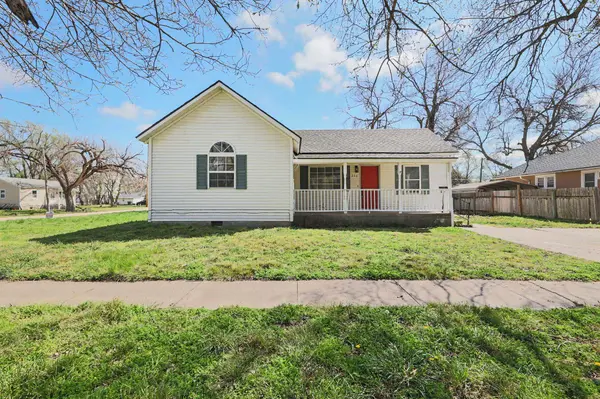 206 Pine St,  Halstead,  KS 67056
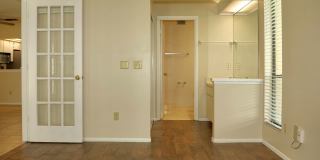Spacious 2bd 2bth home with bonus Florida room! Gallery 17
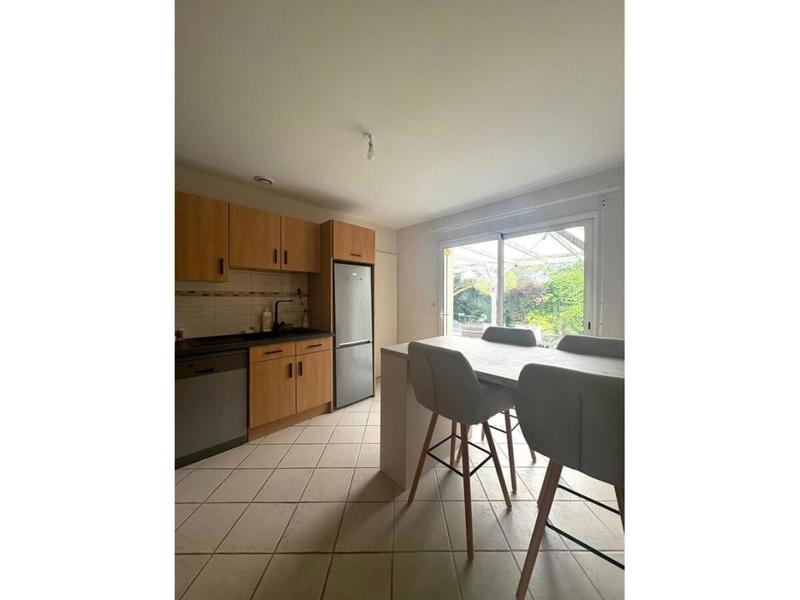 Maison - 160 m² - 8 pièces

***

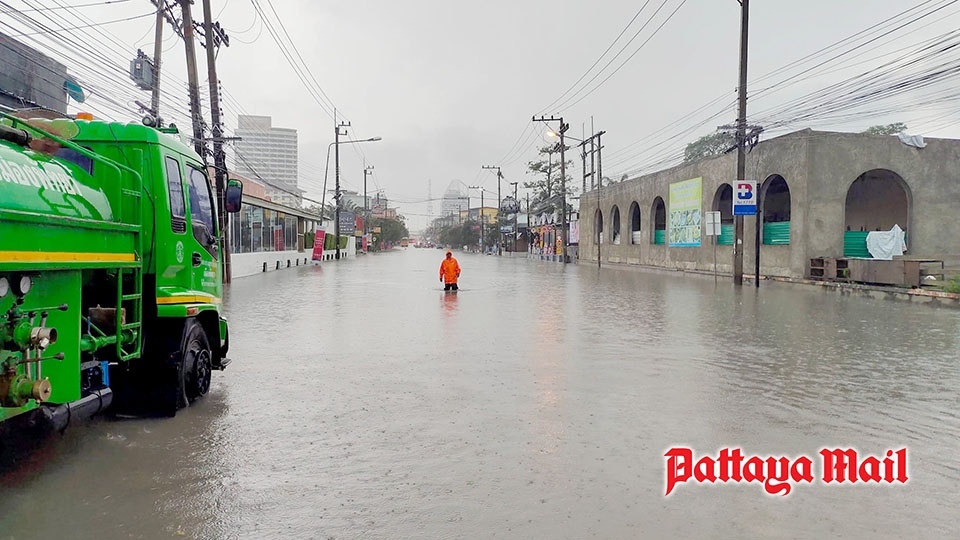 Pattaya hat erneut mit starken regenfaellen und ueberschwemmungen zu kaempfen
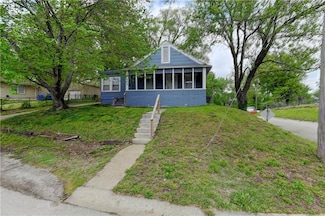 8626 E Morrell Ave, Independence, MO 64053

***

> Exercise directions:
Line for line, output the entries above from the line with "Pattaya hat erneut" to the line with "8626 E Morrell Ave, Independence, MO 64053", both included, and nothing more. Skip pictures.

> Result of this task:
 Pattaya hat erneut mit starken regenfaellen und ueberschwemmungen zu kaempfen
 8626 E Morrell Ave, Independence, MO 64053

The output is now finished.